[WHAT TO WORK ON]:
Each entry is to be retyped exactly as it appears, and each image is to be dropped.

Crawled caption data
--- START ---
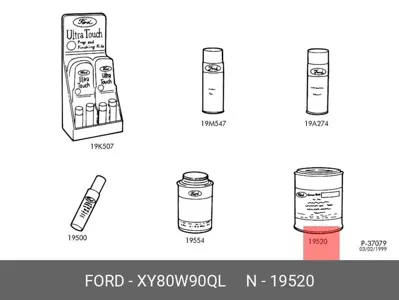 FORD XY80W90QL Масло трансмиссионное Ford 80W90 мин.1л OE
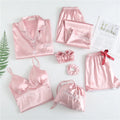 Spring Autumn 7 Pieces Set Silk Elegant Women Pajamas Print Shorts Long Sleeve Top Elastic Waist Pants Lounge Sleepwear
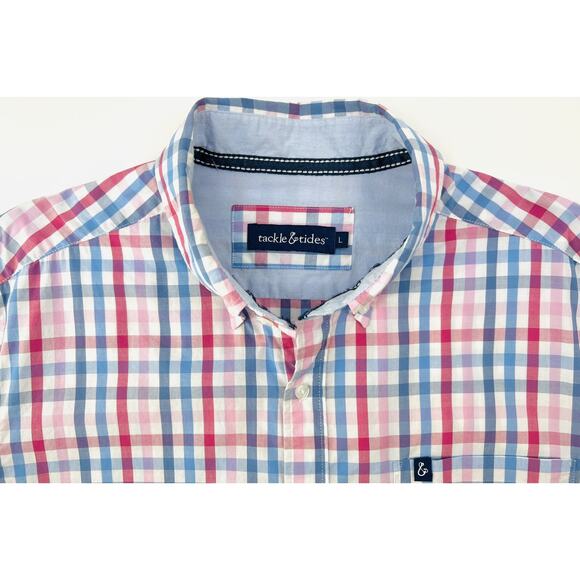 Tackle & Tides Other - Tackle & Tides Preppy Button Shirt Mens Large White Pink Blue Plaid Long Sleeve
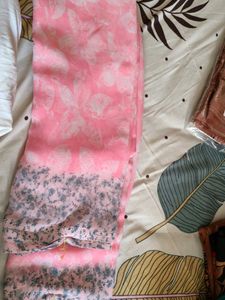 Beautiful Peach Saree Gorgeet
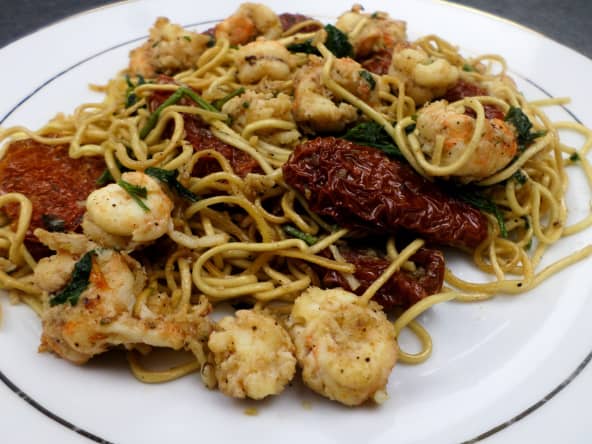 Nouilles chinoises aux langoustines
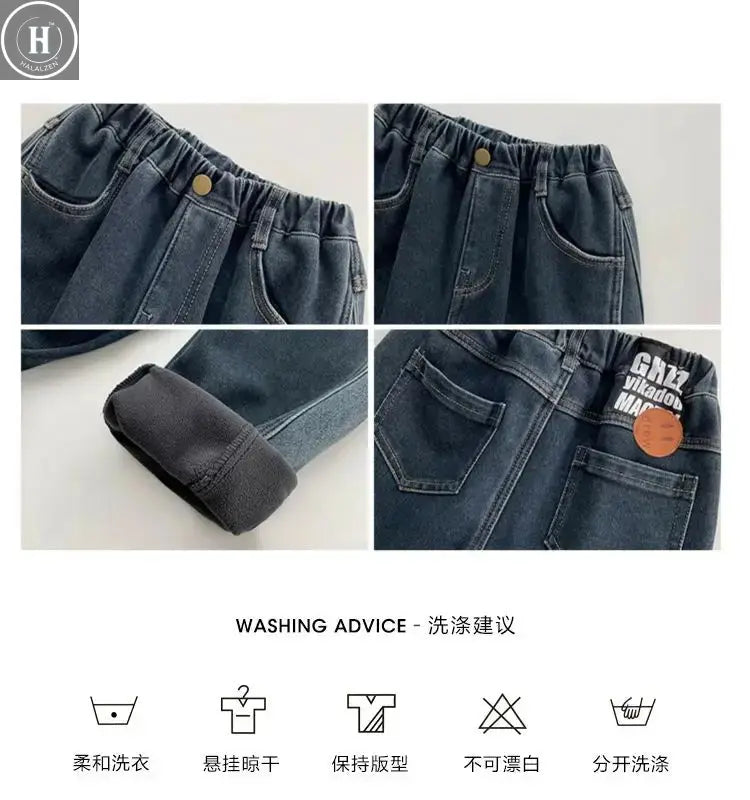 2-12Y Childrens Boys Denim Pants One-piece Fleece Thickened Autumn Winter Casual Kids Baby Boys Pants Toddler Boys Warm Jeans HALALZEN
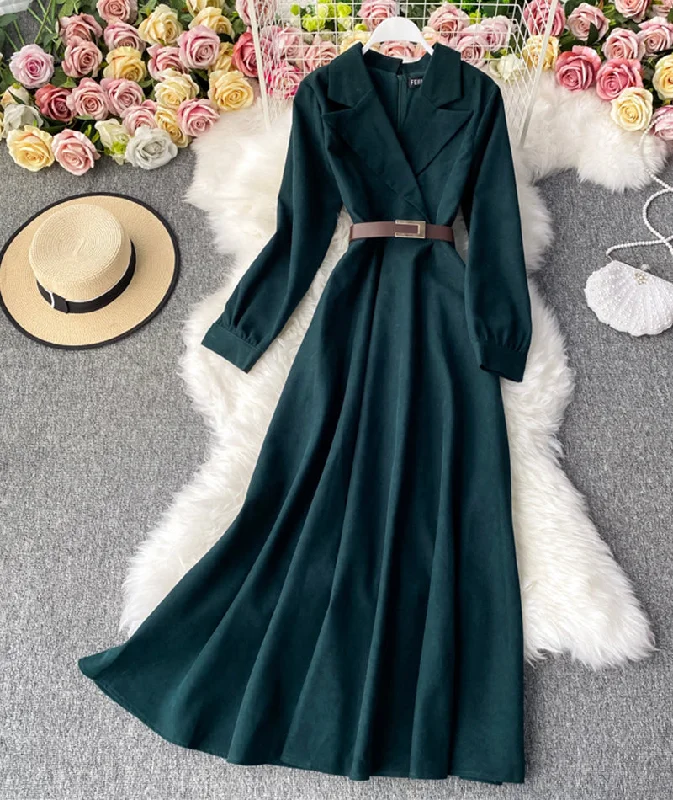 Elegant corduroy long sleeve dress A line dress  982 Best maxi dresses for curvy figures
--- END ---
[TASK RESPONSE]:
 FORD XY80W90QL Масло трансмиссионное Ford 80W90 мин.1л OE
 Spring Autumn 7 Pieces Set Silk Elegant Women Pajamas Print Shorts Long Sleeve Top Elastic Waist Pants Lounge Sleepwear
 Tackle & Tides Other - Tackle & Tides Preppy Button Shirt Mens Large White Pink Blue Plaid Long Sleeve
 Beautiful Peach Saree Gorgeet
 Nouilles chinoises aux langoustines
 2-12Y Childrens Boys Denim Pants One-piece Fleece Thickened Autumn Winter Casual Kids Baby Boys Pants Toddler Boys Warm Jeans HALALZEN
 Elegant corduroy long sleeve dress A line dress  982 Best maxi dresses for curvy figures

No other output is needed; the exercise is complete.